Reborn for the Stage
“We started off with a perfect depiction,” Gallo says, “but we had to open it up to the necessities of the theater.” The room got bigger; the beds were reoriented. There were other changes, too: Though nobody’s stayed in Room 306 since 1968, “in the seventies and eighties, you could slip the night guy ten bucks, and he’d unlock the door.” Some visitors left with mementos, and those pieces had to be replicated.

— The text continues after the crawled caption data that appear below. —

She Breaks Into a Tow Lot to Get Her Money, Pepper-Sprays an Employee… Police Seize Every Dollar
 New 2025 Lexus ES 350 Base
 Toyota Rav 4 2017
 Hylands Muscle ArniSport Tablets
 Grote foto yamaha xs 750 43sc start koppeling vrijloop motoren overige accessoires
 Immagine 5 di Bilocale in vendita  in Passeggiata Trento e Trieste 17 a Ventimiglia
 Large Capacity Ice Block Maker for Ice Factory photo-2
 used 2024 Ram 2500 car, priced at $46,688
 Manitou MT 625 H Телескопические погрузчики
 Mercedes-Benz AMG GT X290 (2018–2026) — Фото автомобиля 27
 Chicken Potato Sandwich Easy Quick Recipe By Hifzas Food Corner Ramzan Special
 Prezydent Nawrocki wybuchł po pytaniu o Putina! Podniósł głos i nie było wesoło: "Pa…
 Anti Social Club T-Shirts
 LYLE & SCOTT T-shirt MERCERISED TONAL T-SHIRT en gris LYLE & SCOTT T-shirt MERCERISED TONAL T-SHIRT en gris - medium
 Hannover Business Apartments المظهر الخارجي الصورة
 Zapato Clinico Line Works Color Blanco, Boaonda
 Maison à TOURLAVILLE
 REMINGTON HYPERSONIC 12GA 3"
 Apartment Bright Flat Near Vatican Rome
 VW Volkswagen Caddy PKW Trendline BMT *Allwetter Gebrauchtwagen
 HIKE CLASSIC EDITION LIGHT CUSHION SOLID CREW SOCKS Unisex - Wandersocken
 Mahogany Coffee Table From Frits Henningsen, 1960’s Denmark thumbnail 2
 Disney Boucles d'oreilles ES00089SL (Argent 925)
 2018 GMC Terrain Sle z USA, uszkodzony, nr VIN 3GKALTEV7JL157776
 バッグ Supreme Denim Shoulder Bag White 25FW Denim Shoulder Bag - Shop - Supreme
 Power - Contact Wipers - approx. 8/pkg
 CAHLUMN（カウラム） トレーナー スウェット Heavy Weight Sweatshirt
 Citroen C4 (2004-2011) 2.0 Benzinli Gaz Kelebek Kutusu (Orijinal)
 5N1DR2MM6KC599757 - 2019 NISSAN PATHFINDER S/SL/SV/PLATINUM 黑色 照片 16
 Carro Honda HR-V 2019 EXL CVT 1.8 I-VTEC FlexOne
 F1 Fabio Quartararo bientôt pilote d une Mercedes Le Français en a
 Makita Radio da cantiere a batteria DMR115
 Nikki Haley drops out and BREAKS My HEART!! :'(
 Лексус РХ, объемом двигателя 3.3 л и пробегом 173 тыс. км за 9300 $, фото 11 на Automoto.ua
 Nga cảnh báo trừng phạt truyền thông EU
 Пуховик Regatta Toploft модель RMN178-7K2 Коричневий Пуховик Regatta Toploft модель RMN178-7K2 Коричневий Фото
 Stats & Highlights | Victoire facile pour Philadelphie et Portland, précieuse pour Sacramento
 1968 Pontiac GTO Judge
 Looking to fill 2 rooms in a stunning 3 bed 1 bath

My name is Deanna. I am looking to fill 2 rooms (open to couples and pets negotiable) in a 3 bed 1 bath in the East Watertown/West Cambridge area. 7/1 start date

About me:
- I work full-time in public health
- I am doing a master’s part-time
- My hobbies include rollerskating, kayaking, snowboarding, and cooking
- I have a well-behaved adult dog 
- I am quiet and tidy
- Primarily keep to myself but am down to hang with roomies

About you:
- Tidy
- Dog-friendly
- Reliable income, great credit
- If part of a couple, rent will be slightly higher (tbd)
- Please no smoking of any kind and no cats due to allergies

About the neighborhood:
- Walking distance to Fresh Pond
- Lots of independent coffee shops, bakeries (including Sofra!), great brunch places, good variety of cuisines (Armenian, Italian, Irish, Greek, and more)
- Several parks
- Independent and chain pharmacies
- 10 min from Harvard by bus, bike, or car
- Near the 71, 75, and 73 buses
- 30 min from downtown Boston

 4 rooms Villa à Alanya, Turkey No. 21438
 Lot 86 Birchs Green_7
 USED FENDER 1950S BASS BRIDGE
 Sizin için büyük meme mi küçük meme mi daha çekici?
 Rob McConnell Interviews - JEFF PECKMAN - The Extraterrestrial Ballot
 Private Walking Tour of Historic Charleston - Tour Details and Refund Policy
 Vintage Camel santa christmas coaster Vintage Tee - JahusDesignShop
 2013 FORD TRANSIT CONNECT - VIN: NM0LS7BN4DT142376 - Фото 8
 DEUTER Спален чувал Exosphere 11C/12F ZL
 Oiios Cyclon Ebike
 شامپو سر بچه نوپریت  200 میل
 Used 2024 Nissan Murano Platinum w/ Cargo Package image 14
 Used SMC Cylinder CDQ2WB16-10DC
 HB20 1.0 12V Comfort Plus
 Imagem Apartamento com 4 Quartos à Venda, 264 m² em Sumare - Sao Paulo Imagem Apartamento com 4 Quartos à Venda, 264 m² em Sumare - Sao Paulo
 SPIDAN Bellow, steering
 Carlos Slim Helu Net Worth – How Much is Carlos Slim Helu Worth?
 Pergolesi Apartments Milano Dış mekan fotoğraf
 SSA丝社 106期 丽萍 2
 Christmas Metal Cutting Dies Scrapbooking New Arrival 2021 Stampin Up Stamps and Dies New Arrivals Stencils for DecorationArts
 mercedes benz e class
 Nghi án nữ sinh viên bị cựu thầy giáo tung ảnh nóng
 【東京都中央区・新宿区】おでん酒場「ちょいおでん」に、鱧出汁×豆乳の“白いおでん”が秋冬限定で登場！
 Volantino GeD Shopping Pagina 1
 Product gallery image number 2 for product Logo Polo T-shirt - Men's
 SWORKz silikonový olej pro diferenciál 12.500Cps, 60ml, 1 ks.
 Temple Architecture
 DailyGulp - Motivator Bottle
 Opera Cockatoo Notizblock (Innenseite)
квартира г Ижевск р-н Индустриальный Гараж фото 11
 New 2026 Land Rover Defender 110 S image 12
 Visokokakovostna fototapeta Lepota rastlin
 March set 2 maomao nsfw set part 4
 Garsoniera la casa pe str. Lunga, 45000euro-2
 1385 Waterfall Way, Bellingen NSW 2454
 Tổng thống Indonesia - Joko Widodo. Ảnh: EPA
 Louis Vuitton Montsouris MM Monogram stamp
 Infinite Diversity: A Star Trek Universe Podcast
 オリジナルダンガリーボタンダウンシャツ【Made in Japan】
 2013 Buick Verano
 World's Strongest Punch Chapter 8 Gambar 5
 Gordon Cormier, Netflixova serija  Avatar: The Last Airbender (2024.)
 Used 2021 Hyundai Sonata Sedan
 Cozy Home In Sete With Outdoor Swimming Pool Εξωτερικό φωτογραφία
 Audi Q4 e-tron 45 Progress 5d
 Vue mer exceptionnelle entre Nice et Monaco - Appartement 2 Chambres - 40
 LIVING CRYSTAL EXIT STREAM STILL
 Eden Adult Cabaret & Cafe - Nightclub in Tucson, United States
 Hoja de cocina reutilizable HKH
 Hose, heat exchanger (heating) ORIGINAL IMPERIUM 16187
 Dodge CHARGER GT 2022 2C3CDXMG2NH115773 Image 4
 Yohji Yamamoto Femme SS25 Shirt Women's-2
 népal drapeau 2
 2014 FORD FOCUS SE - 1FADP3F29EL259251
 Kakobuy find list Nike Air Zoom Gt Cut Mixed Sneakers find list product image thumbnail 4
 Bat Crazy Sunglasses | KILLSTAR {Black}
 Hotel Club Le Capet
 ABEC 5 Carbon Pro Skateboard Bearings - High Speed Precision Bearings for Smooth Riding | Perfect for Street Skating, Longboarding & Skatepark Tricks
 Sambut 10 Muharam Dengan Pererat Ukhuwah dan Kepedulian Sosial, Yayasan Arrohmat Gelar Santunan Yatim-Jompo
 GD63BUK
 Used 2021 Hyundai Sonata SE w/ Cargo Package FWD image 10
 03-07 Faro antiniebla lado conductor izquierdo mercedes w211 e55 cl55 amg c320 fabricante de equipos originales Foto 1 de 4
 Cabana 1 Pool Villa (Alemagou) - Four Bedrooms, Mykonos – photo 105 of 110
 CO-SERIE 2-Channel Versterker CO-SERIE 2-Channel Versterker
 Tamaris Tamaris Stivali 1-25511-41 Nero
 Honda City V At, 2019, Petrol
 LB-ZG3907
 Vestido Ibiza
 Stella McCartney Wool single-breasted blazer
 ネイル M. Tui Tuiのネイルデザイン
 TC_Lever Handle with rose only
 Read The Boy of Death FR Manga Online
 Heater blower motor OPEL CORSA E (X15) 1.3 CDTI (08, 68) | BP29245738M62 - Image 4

“When I was presenting the set,” Gallo says, “I said to the company, ‘Almost nobody’s ever been in the room.’ But Sam Jackson [who plays King] came up to me during a break and said, ‘I have.’ He had volunteered at the museum a few years ago, and they’d let him go in. He got it. We talked about how amazing it had been to be in this piece of history.”
1. The Chair
The one in the room is a replacement, so Gallo had the original reproduced from photos.
2. The Door
The number on the outside of the front door was replaced sometime after 1968, but Gallo liked the fact that the zero had been mistakenly installed upside down and decided to mimic that in the set.
3. The Beds
When Gallo visited the room, he matched the bedspread’s color with a sample book and photographed its texture. The bed itself was built based on Gallo’s measurements.
4. The Telephone
Research revealed that the framed prints on the wall were later additions to the room. Lacking evidence of what they replaced, Gallo included them on the set anyway. Other items, like the lamps and the phone, were verifiably original.
5. The Curtains
Gallo found that in King’s room, the curtain track had been balky and the drawers stuck. “We deliberately put in some practical problems,” Gallo says, adding, “306 is one of the shabbier rooms—307, where King stayed on previous visits, is much slicker, but it only has one bed, and King didn’t like to be by himself.” (Fellow activist Ralph Abernathy shared the room that night.)
6. The Sink
It would have been too expensive to re-create certain items, like the sink and baseboard heater, and “people tend to collect beautiful antique fixtures, but no one collects the junk,” Gallo says. “We went into condemned apartments and salvage yards and just pulled stuff out. It was all mass-produced, so we were able to find stuff that was right on the money.”
7. The Finale
At the end of the show, the set undergoes an unexpected change, one that required some unusual construction specifications. “Almost every single piece of furniture is bolted down. The props have magnets built into them, and the surfaces are quarter-inch steel plates beneath decorative tops.”